Plusieurs centaines de sans-papiers ont passé la nuit de samedi à dimanche devant le Complexe Guy-Favreau, qui abrite des bureaux de Immigration Canada à Montréal. Des familles avec enfants, des jeunes et moins jeunes, ont veillé toute la nuit dans le froid pour lancer un message au gouvernement canadien. Au-delà de ce message, certains d’entre eux ont raconté leur histoire.
Diallo Mamadou, 22 ans sans statut au Canada
Arborant un masque et une tuque, le Guinéen sans-papiers Diallo Mamadou avance presque de peine et de misère au micro pour témoigner de sa situation. L’homme de 59 ans a passé les 2 dernières années avec un statut précaire et les 20 précédentes «entre les deux chaises», pour un total de 22 années au Canada en tant que sans-papiers.
D’une voix tremblotante et pleine d’émotion, il raconte avoir laissé depuis ce temps, en Guinée-Conakry, sa femme et ses cinq enfants qu’il n’a pas vus depuis.

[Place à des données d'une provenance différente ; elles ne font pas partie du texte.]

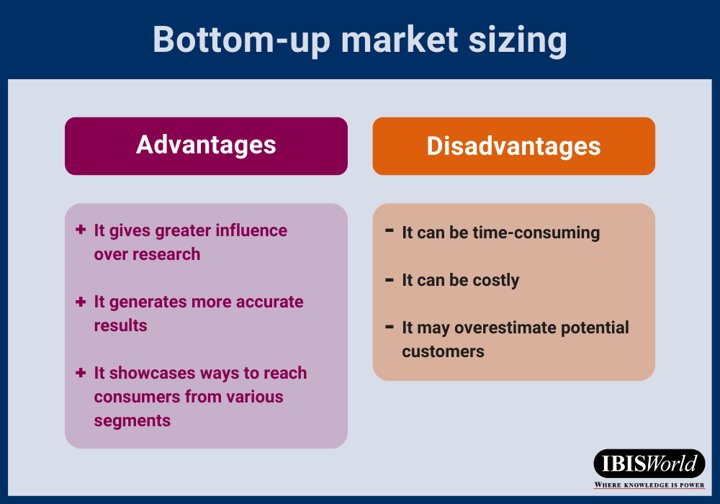 Bottom-up-Marktgrößenbestimmung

«Depuis 2003, je vis dans la précarité. Je suis exploité par des agences et je n’ai pas accès aux soins médicaux. Ils me paient ce qu’ils veulent. Je suis obligé de prendre, car ils savent que je suis sans statut», confie-t-il.
Toute sa famille restée en Guinée compte sur lui pour un soutien financier. Mais parfois, ses enfants doivent passer des jours sans nourriture. Comme lorsqu’il a eu un accident et ne pouvait plus travailler au noir, ni se faire soigner.
«Je me suis retrouvé avec les deux bras cassés, on m’a transféré d’un hôpital à un autre et personne ne voulait me soigner pendant 18 jours.», se souvient l’immigrant guinéen, avant de reprendre le slogan de Solidarité sans frontière «un statut pour tout le monde.» Finalement il avait pu trouver de l’aide auprès d’une ONG qu’il n’a pas voulu nommer.
Alfredo, malade et exploité
Un Mexicain de 56 ans, Alfredo, ainsi que sa femme, vivent la même situation depuis 12 ans. Ils laissent derrière quatre enfants qui comptent sur eux pour leur pain quotidien. Diabétique et souffrant d’une hernie, Alfredo travaille en entretien ménager depuis neuf ans. On l’a payé au noir pendant près de huit ans 11 dollars par heure, en argent comptant. Cela fait plus d’un an qu’il a eu une augmentation de trois dollars, soit 15 dollars de l’heure, toujours sous la table.
«C’est très difficile de vivre ainsi, mais à notre âge retourner au Mexique serait encore pire pour nous», affirme le couple avant d’appeler à un statut pour tous.
Aboubacar: la dépression guette
Aboubacar Kane, un jeune sénégalais qui milite au sein de Solidarité sans frontière dans la précarité depuis 5 ans. Il vient d’obtenir un permis de travail après avoir passé trois ans sans aucun statut.
«C’était extrêmement difficile, raconte le jeune à Métro. On est coupé de tout, c’est une situation très déprimante. Quand on est là-dedans, on est fatigué de demander de l’aide, on a tendance à se cacher, surtout quand on est malade. On a peur d’aller à l’hôpital, ce qui a pour effet d’aggraver notre cas», explique-t-il. Tout comme Mamadou et Alfredo, il dit avoir travaillé au noir même s’il savait que c’était illégal.
Un programme de régularisation à l’étude
Plusieurs médias rapportent qu’Ottawa songe à mettre sur pied un programme de régularisation globale d’environ 500 000 sans-papiers. L’idée germe au ministère de l’Immigration depuis un an et demi. Justin Trudeau avait mandaté Sean Fraser pour étudier la question et des sources du ministère ont confirmé à Radio-Canada que des discussions sont en cours avec des organismes en vue de statuer sur la manière procéder.
«Il reste 10 semaines avant les vacances parlementaires, souligne Samira Jasmin de Solidarité sans frontière. L’attente est longue et entre-temps, nos droits sont bafoués et on souffre de l’exploitation.»
Elle réclame un programme qui inclurait tout le monde, même ceux qui pourraient devenir sans-statut prochainement «et non pas juste un permis de travail pour prolonger notre exploitation.»
La militante de Solidarité sans frontière indique que les militants sont résistants, mais qu’ils sont à bout de patience. Plusieurs centaines de sans-papiers ont passé une nuit devant le Complexe Guy-Favreau qui abrite des bureaux de Immigration Canada à Montréal en vue réclamer cette régularisation pour tous. Des familles avec enfants, des jeunes et moins jeunes ont veillé toute la nuit dans le froid pour lancer un message aux autorités.